L’été à pleins tubes

5 articles publié le 04 juillet 2017
À chaque été sa chanson. Refrains calibrés pour réussir à grands coups de matraquage médiatique ou brillants condensés de l’air du temps, pourquoi ces ritournelles s’imposent-elles à nous ? Explications musicales – de Christophe à Drake – avec Philippe Chevallier, philosophe et récent auteur d’un essai consacré à Claude François.

Le tube de l’été n’est pas un tube comme un autre : il est la quintessence du tube tant il condense en lui tout ce qui fait la détestation de la culture de masse programmée, imposée, marketée. Si Adorno se pinçait le nez en entendant Sunrise Serenade de Glenn Miller à la radio, il serait tombé de sa chaise en découvrant cette Lambada de l’été 1989, fruit d’un complot marketing entre une major du disque, une boisson qui fait « pschitt » et une chaîne qui fait pitié. De cette saison en enfer musical, on aurait pu espérer que le tube retrouve en intensité ce qu’il perd en éternité. Mais il n’est que rarement la transe qu’il promet ; tout au plus montre-t-il du doigt les éléments d’un décor : percussions noix-de-coco et claviers-clapotis. Sur l’échelle des valeurs esthétiques, le tube de l’été se situerait donc juste derrière celui contenant du dentifrice : même goût artificiel, même industrialisation de sa production.

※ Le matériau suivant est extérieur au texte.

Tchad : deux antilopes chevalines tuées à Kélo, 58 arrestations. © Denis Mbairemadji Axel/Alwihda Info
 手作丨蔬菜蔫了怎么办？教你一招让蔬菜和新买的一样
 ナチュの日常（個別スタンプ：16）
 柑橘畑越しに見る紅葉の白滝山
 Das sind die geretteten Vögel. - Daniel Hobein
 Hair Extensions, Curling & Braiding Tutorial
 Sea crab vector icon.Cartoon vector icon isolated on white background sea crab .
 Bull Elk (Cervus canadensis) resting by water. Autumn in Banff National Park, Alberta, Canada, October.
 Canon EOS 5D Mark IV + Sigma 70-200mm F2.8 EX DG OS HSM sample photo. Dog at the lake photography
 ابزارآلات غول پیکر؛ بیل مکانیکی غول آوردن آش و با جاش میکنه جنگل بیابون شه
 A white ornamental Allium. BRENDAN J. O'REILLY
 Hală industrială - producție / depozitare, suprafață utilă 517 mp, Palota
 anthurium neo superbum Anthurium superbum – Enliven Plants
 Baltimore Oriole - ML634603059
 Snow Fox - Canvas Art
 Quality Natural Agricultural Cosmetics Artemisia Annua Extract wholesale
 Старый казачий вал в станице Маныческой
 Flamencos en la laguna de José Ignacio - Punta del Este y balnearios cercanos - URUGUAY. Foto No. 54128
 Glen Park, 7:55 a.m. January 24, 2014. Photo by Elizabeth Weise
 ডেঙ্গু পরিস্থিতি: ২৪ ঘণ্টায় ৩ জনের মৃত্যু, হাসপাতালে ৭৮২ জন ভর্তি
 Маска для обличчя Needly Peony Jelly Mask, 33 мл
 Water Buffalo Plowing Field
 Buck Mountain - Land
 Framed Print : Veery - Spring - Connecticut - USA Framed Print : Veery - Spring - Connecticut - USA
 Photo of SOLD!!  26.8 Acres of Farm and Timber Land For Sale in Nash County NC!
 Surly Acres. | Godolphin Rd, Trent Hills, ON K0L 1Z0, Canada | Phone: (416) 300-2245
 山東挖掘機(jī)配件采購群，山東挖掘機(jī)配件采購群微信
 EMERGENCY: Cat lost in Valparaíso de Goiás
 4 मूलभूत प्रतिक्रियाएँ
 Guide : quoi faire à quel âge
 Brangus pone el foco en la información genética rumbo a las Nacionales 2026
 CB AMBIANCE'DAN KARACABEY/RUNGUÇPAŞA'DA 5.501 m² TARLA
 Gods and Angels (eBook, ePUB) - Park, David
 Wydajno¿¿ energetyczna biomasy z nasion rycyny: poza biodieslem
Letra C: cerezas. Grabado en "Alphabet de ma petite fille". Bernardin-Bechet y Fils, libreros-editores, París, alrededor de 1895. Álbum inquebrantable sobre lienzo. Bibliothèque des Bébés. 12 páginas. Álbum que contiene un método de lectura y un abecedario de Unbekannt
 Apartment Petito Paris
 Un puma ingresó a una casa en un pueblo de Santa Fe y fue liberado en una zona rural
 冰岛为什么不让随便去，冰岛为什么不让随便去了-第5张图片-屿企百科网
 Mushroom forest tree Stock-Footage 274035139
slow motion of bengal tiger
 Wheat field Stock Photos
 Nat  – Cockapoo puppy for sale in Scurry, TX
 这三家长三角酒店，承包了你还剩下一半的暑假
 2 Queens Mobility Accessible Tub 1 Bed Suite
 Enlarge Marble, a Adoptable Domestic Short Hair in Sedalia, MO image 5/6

Mais pas de philosophie du tube sans enquête véritable. Ce qui vaut pour la Lambada est loin d’épuiser le contenu d’une liste plus surprenante qu’on ne le croit. Elle vérifie que le tube de l’été n’obéit à aucune forme particulière, ce qui amène à réviser nos jugements sur les goûts populaires en ces temps ramollis. L’adoration du dieu Rê n’a pas empêché Pierre Bachelet de triompher en plein été 1982 avec ses peu bronzés Corons : « Au Nord, c’étaient les corons / La terre, c’était le charbon. » Il fallait oser cette sixte majeure ascendante qui donne envie illico de voter Nathalie Arthaud. De ce succès inattendu, il ressort que le public a ses lois qui ne sont pas celles des majors, incapables de saisir les attentes des foules sentimentales. Mais rien ne garantit à l’inverse que le succès soit la capture d’un « air du temps ». La sociologie du tube repose encore sur un mythe : celui de la rencontre entre un désir collectif, plus ou moins formaté, et son miroir, plus ou moins industriel. Si ce mythe a la vie dure, c’est qu’il reconduit une fascination sans laquelle le tube ne serait plus tout à fait lui-même. On l’aime gardien d’un secret de fabrication, d’une mystérieuse compétence qui ne s’apprend pas : la prescience de ce que veut le public. Au producteur ou au manager, les attributs de l’artiste romantique, dont les rêves, pour paraphraser Victor Hugo, sont faits des ombres de ce qui sera. Toute l’histoire du tube, faite de succès imprévisibles et de faces B repêchées en face A, contredit cette vision.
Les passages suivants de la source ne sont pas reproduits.